If any authors received a salary from any of your funders, please state which authors and which funders.

If you did not receive any funding for this study, please state: “The authors received no specific funding for this work.”

Please include your amended statements within your cover letter; we will change the online submission form on your behalf.

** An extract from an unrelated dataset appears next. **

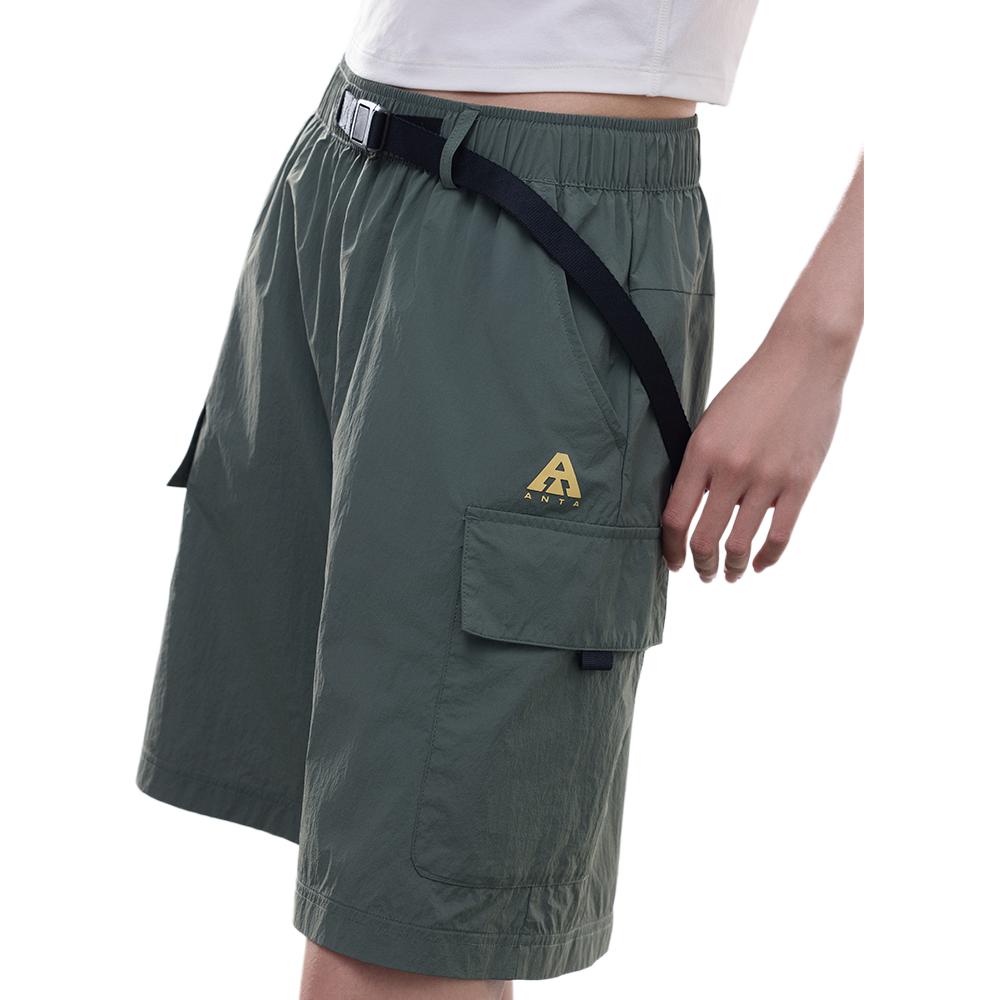 Anta Серия Outdoor Однотонные Дышащие Универсальные Повседневные Шорты Пятиточки Женские шорты Морской зеленый 962526502-2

[Note: HTML markup is below. Please do not edit.]

Reviewers' comments:

Reviewer's Responses to Questions

Comments to the Author

1. Is the manuscript technically sound, and do the data support the conclusions?

The manuscript must describe a technically sound piece of scientific research with data that supports the conclusions. Experiments must have been conducted rigorously, with appropriate controls, replication, and sample sizes. The conclusions must be drawn appropriately based on the data presented.

Reviewer #1: Yes

Reviewer #2: Yes

Reviewer #3: Yes

Reviewer #4: Yes

**********

2. Has the statistical analysis been performed appropriately and rigorously?

Reviewer #1: Yes

Reviewer #2: Yes

Reviewer #3: Yes

Reviewer #4: Yes

**********

3. Have the authors made all data underlying the findings in their manuscript fully available?

The PLOS Data policy requires authors to make all data underlying the findings described in their manuscript fully available without restriction, with rare exception (please refer to the Data Availability Statement in the manuscript PDF file). The data should be provided as part of the manuscript or its supporting information, or deposited to a public repository. For example, in addition to summary statistics, the data points behind means, medians and variance measures should be available. If there are restrictions on publicly sharing data—e.g. participant privacy or use of data from a third party—those must be specified.

Reviewer #1: Yes

Reviewer #2: Yes

Reviewer #3: Yes

Reviewer #4: Yes

**********

4. Is the manuscript presented in an intelligible fashion and written in standard English?

PLOS ONE does not copyedit accepted manuscripts, so the language in submitted articles must be clear, correct, and unambiguous. Any typographical or grammatical errors should be corrected at revision, so please note any specific errors here.

Reviewer #1: Yes

Reviewer #2: Yes

Reviewer #3: Yes

Reviewer #4: Yes

**********

5. Review Comments to the Author

Please use the space provided to explain your answers to the questions above. You may also include additional comments for the author, including concerns about dual publication, research ethics, or publication ethics. (Please upload your review as an attachment if it exceeds 20,000 characters)

Reviewer #1: This is a retrospective study on 153 hospitalized patients with COVID-19 who received HCQ. The manuscript is interesting and well written, though limited by an inherent retrospective design and heterogeneity of patients. The main finding is that HCQ is safe and, on average, well tolerated, even though its effectiveness cannot be determined (there is no control group).

-Were other HCQ dosages tested?

-"14% had a QTc increase from <500 msec to ≥500 msec." Did they have an underlying cardiac heart disease? Did they receive other QT-prolonging drugs or other cardiovascular drugs? What about the "One patient [who] developed a non-sustained monomorphic ventricular tachycardia"?

-"Of the 147 patients who were not receiving renal replacement therapy prior to starting HCQ, 19 (13%) required renal replacement therapy within 10 days after HCQ initiation". Were there other plausible causes (drugs, hypotension, septic shock, prior severe renal failure...) for renal function worsening?

-The prognostic role of comorbidities (cardiovascular, renal, respiratory, etc) should be investigated, particularly for deaths and mechanical ventilation. "9 (6%) died between day 1-10"; "Twenty-eight days after HCQ initiation, 19% of patients had died, 13% required mechanical ventilation"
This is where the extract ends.